Thumbnail-Jeremy-So.jpgAs China’s Communist party prepares for its once-a-decade leadership transition, the news has instead been dominated by the fall from power of Bo Xilai, the former head of the Chongching Communist Party and formerly one of the party’s potential leaders. While such a fall itself is unusual, the dialogue surrounding Bo’s fall is also remarkable–Chinese commentators have been able to express their views while facing only light censorship.

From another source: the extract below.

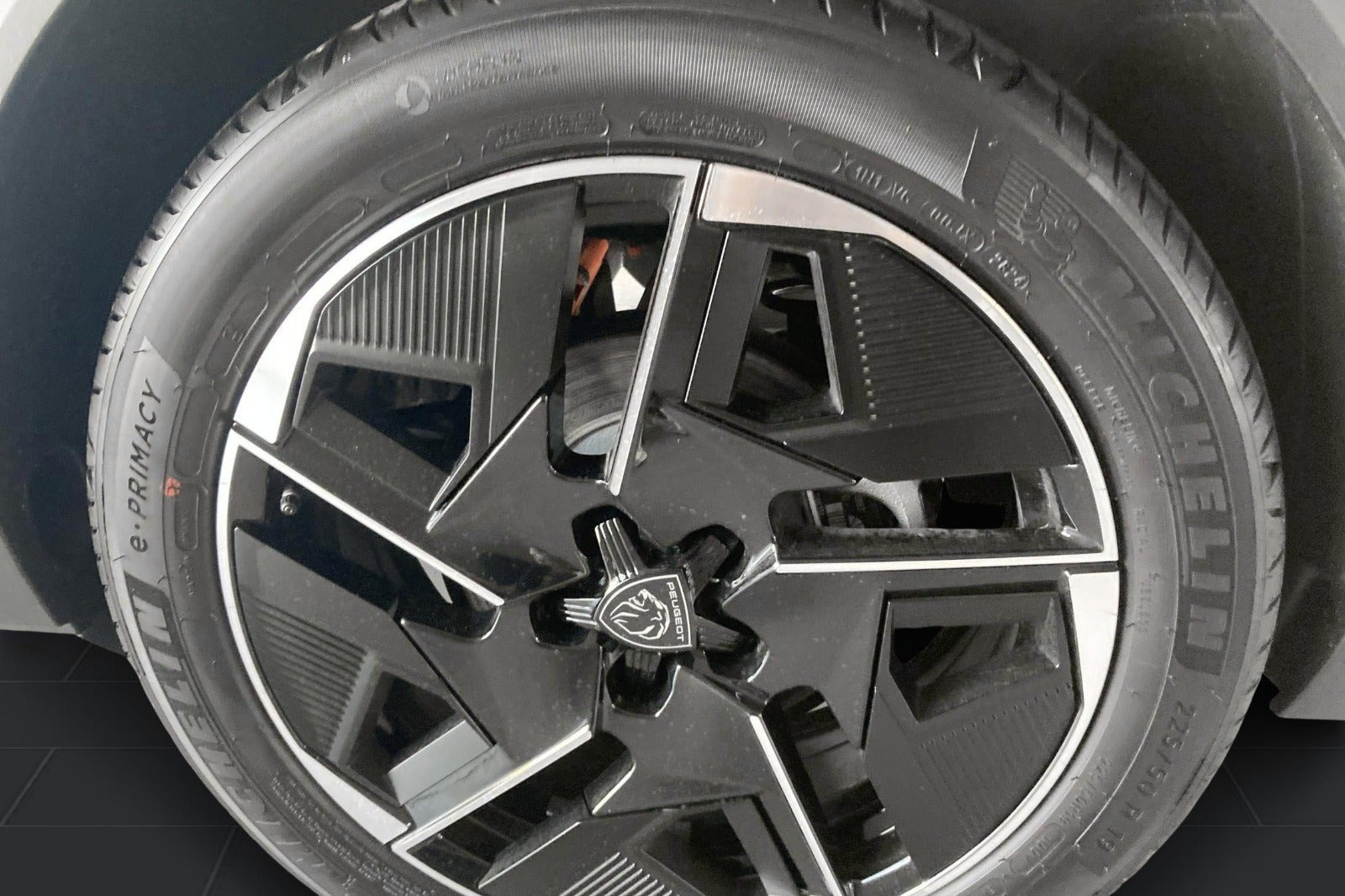 Blå Peugeot e-408 fra 2026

This freedom is remarkable because of the Chinese government’s potential control over the internet, which was recently outlined by Jyh-An Lee and Ching-Yi Liu in “Forbidden City Enclosed by the Great Firewall: The Law and Power of Internet Filtering in China” recently published in the Minnesota Journal of Law, Science & Technology. Lee and Liu explain how early on in the internet’s development, the Chinese government decided to limit a user’s ability to access non-approved resources. By implementing a centralized architecture, the government has been able to implement strict content filtering controls. In conjunction with traditional censorship, the Chinese government has an unprecedented amount of control over what can be viewed online.

Lee and Liu argue that these technological barriers rise to the level of de facto law. Within this framework, the Chinese government’s history of censorship indicates that there are rules against criticizing the party, its leaders, or its actions.

Chinese internet reactions to the Bo Xilai case are notable because thy have included criticism of all three. Posts expressing differing opinions, including those criticizing the government’s reaction and those supporting the disgraced leader, have not been taken down. Such posts have remained online even while commentary on China’s next leader, Xi Jinping, has been quickly taken down. Given the Chinese government’s potential control and past use of those controls, the spread of such dissent must be intentional.

Whether this is part of a broader movement towards more openness, a calculated response by the party, or a failure of Chinese censorship technology remains to be seen. Regardless, the changing nature of the internet and technology will force the Chinese government to adapt.